Both of these examples demonstrate a leader’s vision of empowerment in fact, and we can only assume in their day-to-day lives they empowered others around them. Looking at famous leaders and trying to identify ones who specifically empowered those around them as they worked towards the realisation of their vision, I came across:

Ellen Johnson Sirleaf

Former president of Liberia, Ellen Johnson Sirleaf was Africa’s first democratically-elected female head of state.

She was elected in 2006, two years after Liberia’s decade-long civil war came to an end, and promoted democracy, peace, justice, and women’s empowerment as head of state for the following 12 years. She went on to lead Liberia through reconciliation and recovery after the war, as well as the country’s Ebola outbreak.

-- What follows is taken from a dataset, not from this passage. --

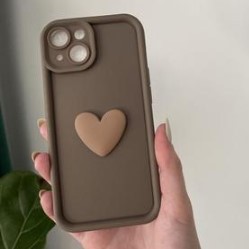 Накладка Luxury Candy 3D Heart для Iphone 13 (Brown)-0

Sirleaf is one of just two African women to have won the Nobel Peace Prize for her efforts in reconciliation and rebuilding the country. I remember coming across her some years back, when I visited the country, and heard of the fears of the people about what would happen when she finally had to step down as leader. She was well-loved and well-respected. She has been given numerous awards including civilian medals of honour from the US and France.

On accepting the Nobel Peace Prize in 2011, you can hear Johnson Sirleaf’s passion for women’s empowerment, but there are also clues as to how she empowers others generally. She recognises others who have won awards, others on the stage, the teachers who helped her, and in fact all women everywhere who have contributed to women’s empowerment without any recognition and sometimes at great cost. In this way she demonstrates her tendency to empower others, whilst still being highly respected for her own skills and strengths.

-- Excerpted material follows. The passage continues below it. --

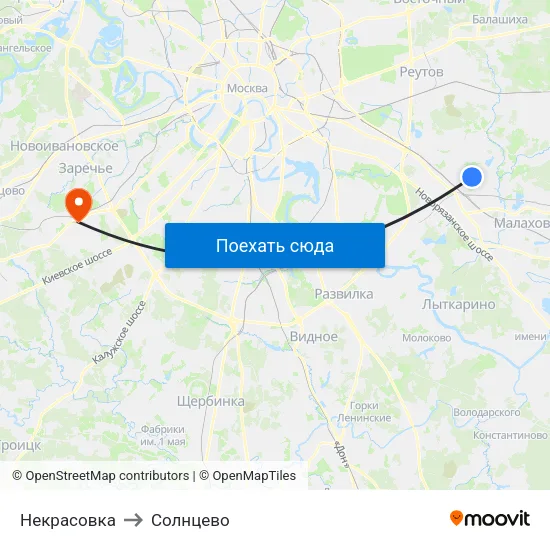 Некрасовка to Солнцево map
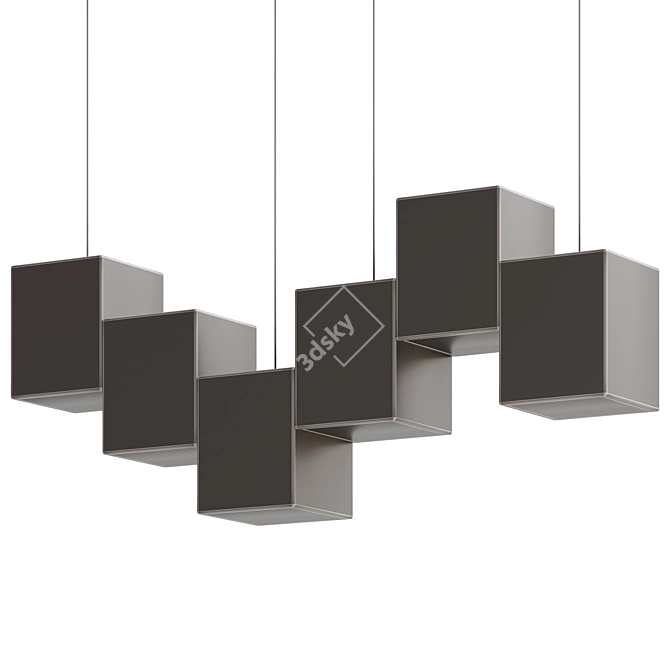 Sleek Black Linear Pendant Light 3D model image 3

A lesser-known figure, but one from the business world, is Atlassian’s CMO, Robert Chatwani. The company’s website describes him in this way: “[He] follows the principles of servant leadership, and strives to be a Level 5 Leader, according to the principles outlined in Jim Collins’ book “Good to Great.” … “First and foremost, I’m committed to the outcome we can achieve as a team. I’m focused on the shared purpose, but agnostic about who plays which role or how the work actually gets done.” The key is to empower each person to do the best work that they can do. He constantly thinks about how he can help his team learn and grow so they can have a bigger impact. Robert keeps his ear to the ground for opportunities to connect people across his organization in a few different ways. He stops for random chats in the hallway to hear about what individuals at all levels are working on (the key here is actually listening). He eats lunch in the communal kitchen, and makes himself available for walks to talk about the long-term vision of the organization. He also sends out a monthly note with comments on the strategy of the marketing team at large, highlights of various team wins, and recommended reading from his personal book list.”

Empowerment, listening, communication, celebration.

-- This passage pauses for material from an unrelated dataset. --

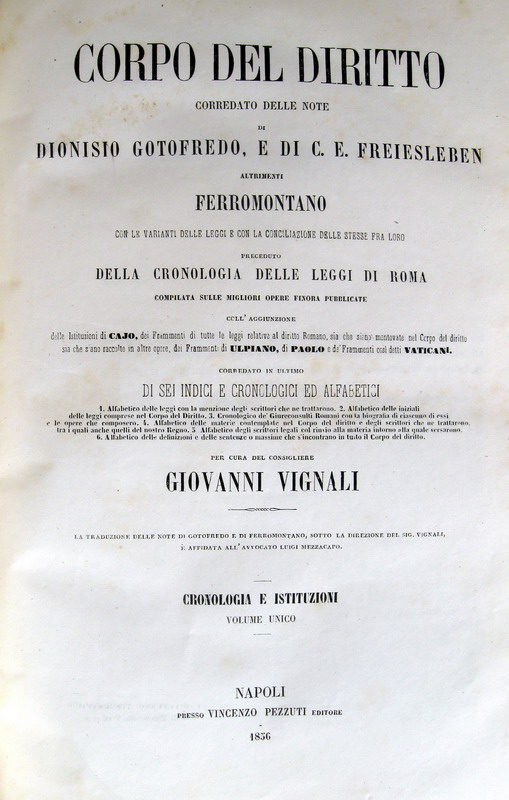 Vignali - Corpo del diritto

And a last note on empowerment, relating to gender diversity:

“To me, empowerment means if a woman has her voice and her agency. Can she say what she thinks needs to be said in any setting? Does she have the agency to make decisions on behalf of herself and her family? If you sit on a corporate board and you don’t think you can voice what you’re seeing on that board or in that corporation that is wrong, then you don’t have your voice … When a woman in the U.S. gets on a corporate board, when there’s one of her, she’s not going to make a change. When there are two or three, then she has agency and she has her voice because there’s a power in the collective. Then they get the other men on the board with her who are also saying, ‘Hey, we’re seeing the same things,’ and they come forward as a group. There’s a power in the collective of the group. Men have had these natural networks for a long time. Women have tons of social networks, but it’s not until you get them together, and get them together in the right way, that they give women their voice and their agency.” — Melinda Gates, Philanthropist: The Cut, 2016

This is a call to men on boards to show their leadership by creating the right circumstances to empower (and benefit from) women.